Древний храм Афины Линдии на акрополе поблескивал белым мрамором и позолотой; розы, давшие имя острову, усыпали холмы… а вон там, за гребнем, осталась оливковая роща, которая временно принадлежала нашему семейству…
Полоска синей воды между мною и берегом все ширилась: я внезапно вспомнил, что нужно принести жертву морскому хозяину, дабы снискать его милость. Но триерарх Талассий уже сделал это за нас всех!
Мысль о критянине, в чьих руках теперь находилась моя судьба, одновременно разозлила меня и придала мне бодрости. Я плюхнулся обратно на горячий палубный настил; потом пошарил в своей котомке и вытащил фляжку с хиосским вином. Мать дала его мне с собой, хотя по возрасту мне полагалось пить только сильно разбавленное, и то – по праздникам.
Но у меня был торжественный день! Сделав пару глотков крепкого сладкого нектара, я немного плеснул за борт – совершил возлияние Посейдону. Потом я убрал все назад и снова затянул завязки сумки.
Я хорошо помнил, что воду нужно беречь, и вино – тоже: может понадобиться для ран. На случай ранения или болезни мама положила мне еще и мешочек с травами и дорогую хиосскую мастику: превосходное лекарство, как наружное, так и внутреннее.
Скоро берег пропал из виду, и я ощутил невольный страх: теперь я остался один на один с этой бескрайней стихией.
Я сжал в кулаке золотого бычка, и это укрепило мой дух. Критский бык спасал меня уже не раз: и теперь приведет домой. Теперь я твердо в это верил!
Устроившись поудобнее на разостланном плаще, я оглядел своих попутчиков, на которых сперва не обратил внимания. Несколько полунагих смуглых людей, в одних пестрых поясах-повязках, сидели на корточках и оживленно болтали: их волосы, разделенные на волнистые пряди и смазанные маслом, блестели как змеи. Похоже, они были минойцы или полукровки. Пара родосских греков в белых гиматиях расположилась подальше – эти бородатые и степенные мужи тоже были заняты беседой. Никому не было до меня дела.
Я поежился, в полной мере ощутив последствия своего опрометчивого решения. Неужели до самого Египта я так и буду один?..
Я почти решился попытаться завязать с кем-нибудь из спутников знакомство; и уже хотел встать, опираясь на посох. Но тут вдруг кто-то присел рядом со мной.

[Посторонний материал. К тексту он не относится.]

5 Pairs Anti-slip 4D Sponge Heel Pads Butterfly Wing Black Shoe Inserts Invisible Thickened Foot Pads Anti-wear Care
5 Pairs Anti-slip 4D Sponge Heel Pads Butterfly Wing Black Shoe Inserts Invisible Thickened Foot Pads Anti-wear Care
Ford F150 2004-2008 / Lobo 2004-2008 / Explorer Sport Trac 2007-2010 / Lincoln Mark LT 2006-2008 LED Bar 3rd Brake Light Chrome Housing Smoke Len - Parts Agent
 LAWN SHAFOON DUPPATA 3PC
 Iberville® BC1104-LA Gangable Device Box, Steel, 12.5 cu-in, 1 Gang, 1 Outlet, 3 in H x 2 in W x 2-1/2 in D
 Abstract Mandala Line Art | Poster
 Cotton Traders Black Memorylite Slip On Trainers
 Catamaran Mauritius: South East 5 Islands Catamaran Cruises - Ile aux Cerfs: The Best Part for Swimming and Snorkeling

Невольно вздрогнув, я повернулся к этому человеку: это оказался сам триерарх Талассий. И теперь я почти обрадовался ему.
Я хотел встать, из почтения к старшему, но миноец жестом удержал меня.
– Сиди, юноша. Ты и так не очень-то устойчив, как я погляжу, – он весело оскалился, заставив меня задрожать от гнева. Пусть я еще мальчишка и, вдобавок, хромой – такого тона я никому не спущу!
– Что тебе нужно… триерарх? – спросил я, стискивая зубы. Невольно я огладил резную совиную голову на набалдашнике: хотя отлично сознавал, что поднять руку на начальника корабля посреди моря было бы самоубийством.
– Не злись, – Талассий заметил мое движение. А потом вдруг цапнул меня за запястье: рука у него была сухая и сильная, как клещи.
– Я вовсе не хотел тебя обидеть, только познакомиться! – сказал критянин. – Я уже знаю на моем судне всех, кроме тебя, – а ты назвал только свое имя.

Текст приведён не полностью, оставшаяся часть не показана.